> PROBLEM DESCRIPTION:
Return the lines of the listing below exactly as they appear, beginning at the one with "Handloom Organza Silk" and stopping after the one with "Photo of Woman with TWS MEMS speaker headset"; do not include pictures.

> THE INPUT:

************

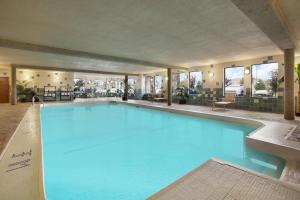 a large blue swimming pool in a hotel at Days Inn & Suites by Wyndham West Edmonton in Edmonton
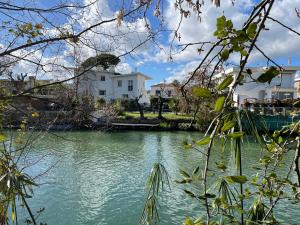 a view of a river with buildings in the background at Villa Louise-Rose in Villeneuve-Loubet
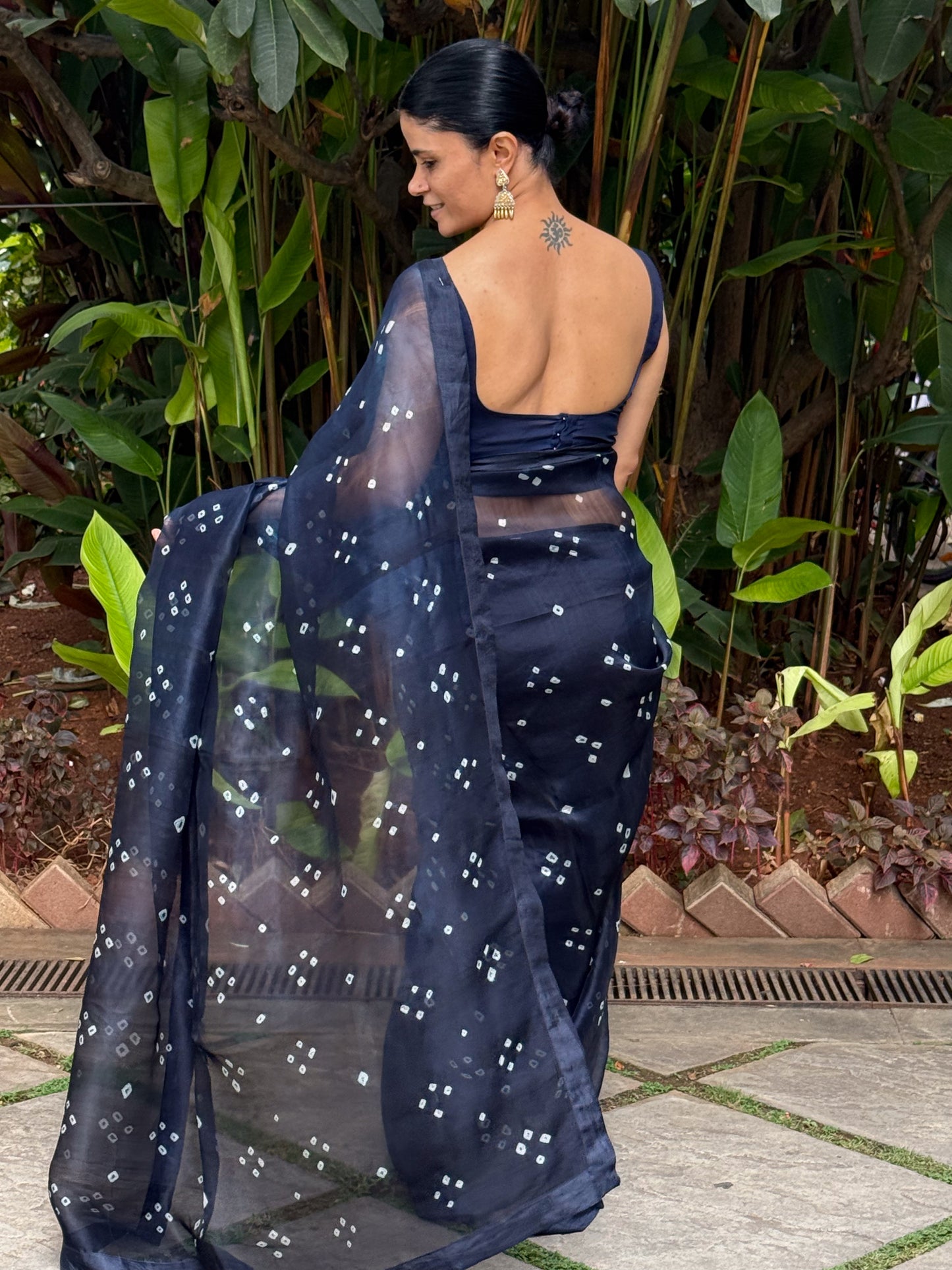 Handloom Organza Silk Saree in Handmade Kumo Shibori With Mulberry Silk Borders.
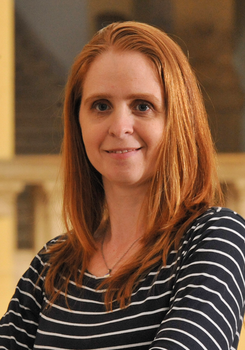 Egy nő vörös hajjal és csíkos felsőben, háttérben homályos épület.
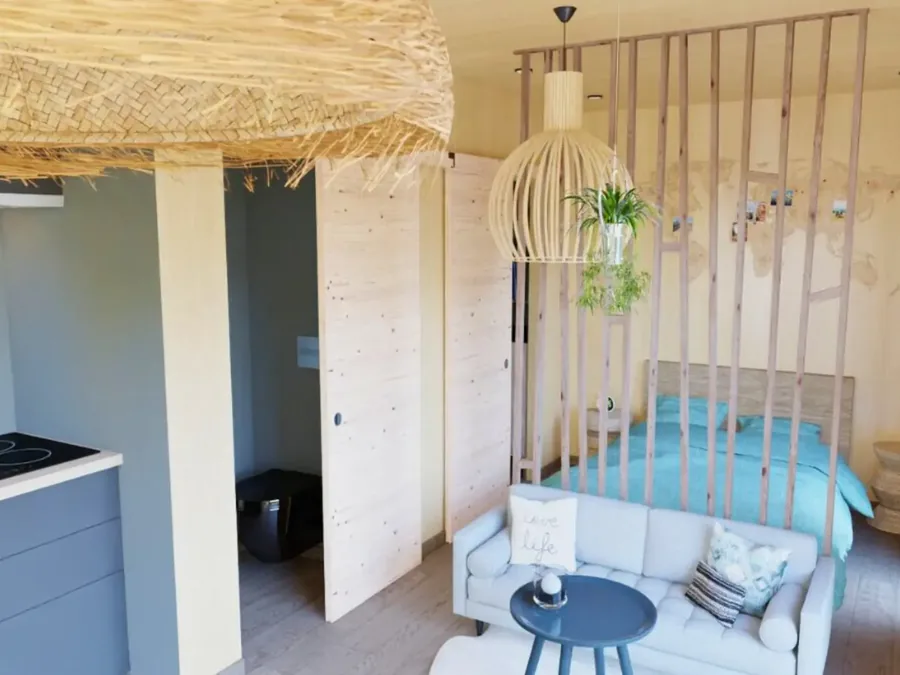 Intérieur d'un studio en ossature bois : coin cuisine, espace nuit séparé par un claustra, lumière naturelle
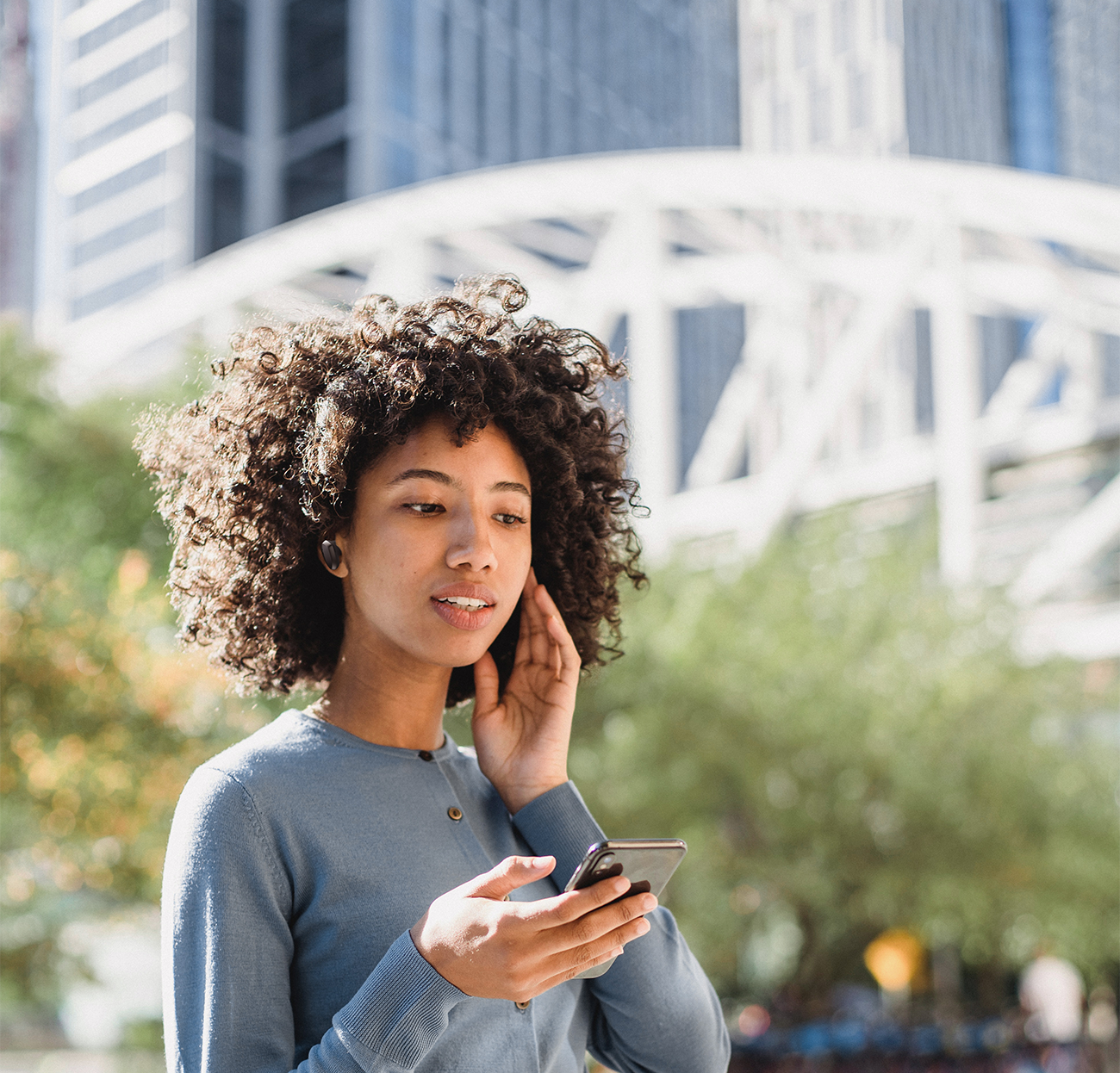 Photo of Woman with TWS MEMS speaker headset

************

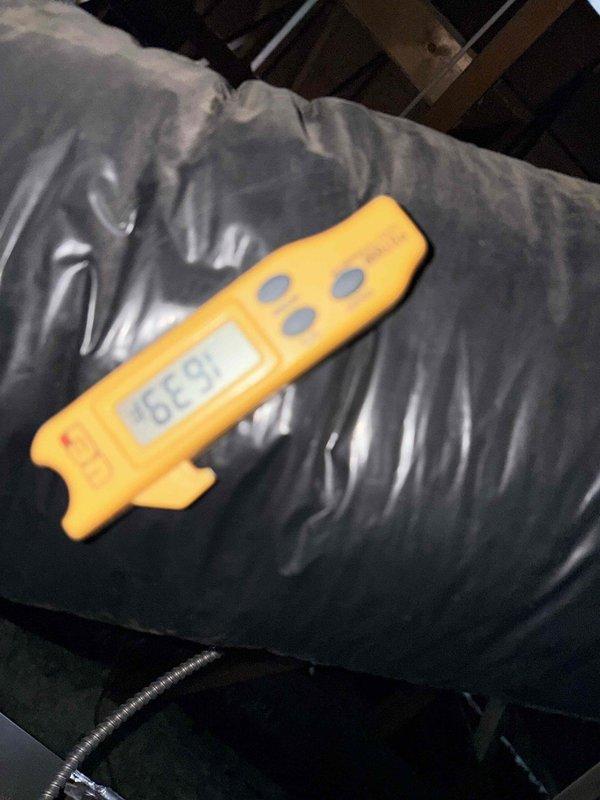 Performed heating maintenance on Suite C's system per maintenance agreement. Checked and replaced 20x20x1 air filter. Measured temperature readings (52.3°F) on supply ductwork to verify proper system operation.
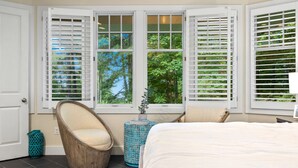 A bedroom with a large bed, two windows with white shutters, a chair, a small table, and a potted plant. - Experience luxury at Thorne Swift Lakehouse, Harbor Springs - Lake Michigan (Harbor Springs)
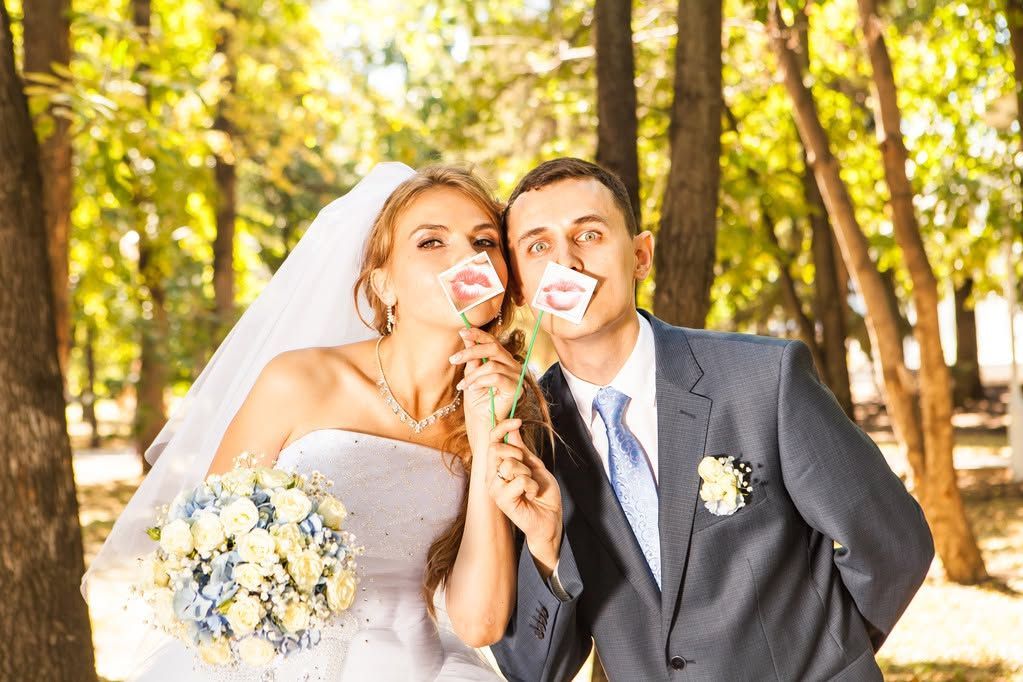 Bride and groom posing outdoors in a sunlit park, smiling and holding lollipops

************

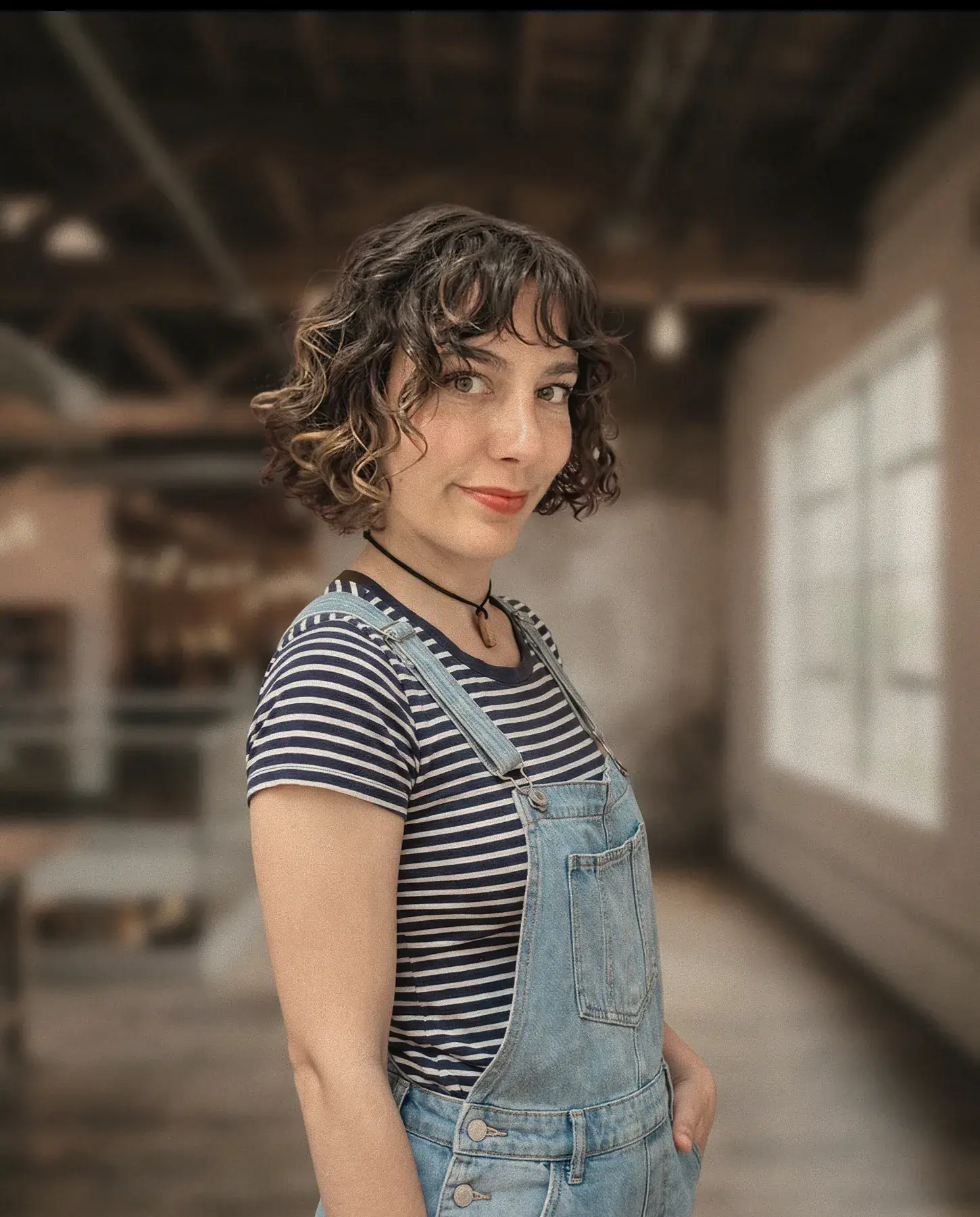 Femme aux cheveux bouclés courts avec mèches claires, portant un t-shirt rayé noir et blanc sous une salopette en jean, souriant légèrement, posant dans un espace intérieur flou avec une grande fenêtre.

************

> RESPONSE TO THE EXERCISE:
 Handloom Organza Silk Saree in Handmade Kumo Shibori With Mulberry Silk Borders.
 Egy nő vörös hajjal és csíkos felsőben, háttérben homályos épület.
 Intérieur d'un studio en ossature bois : coin cuisine, espace nuit séparé par un claustra, lumière naturelle
 Photo of Woman with TWS MEMS speaker headset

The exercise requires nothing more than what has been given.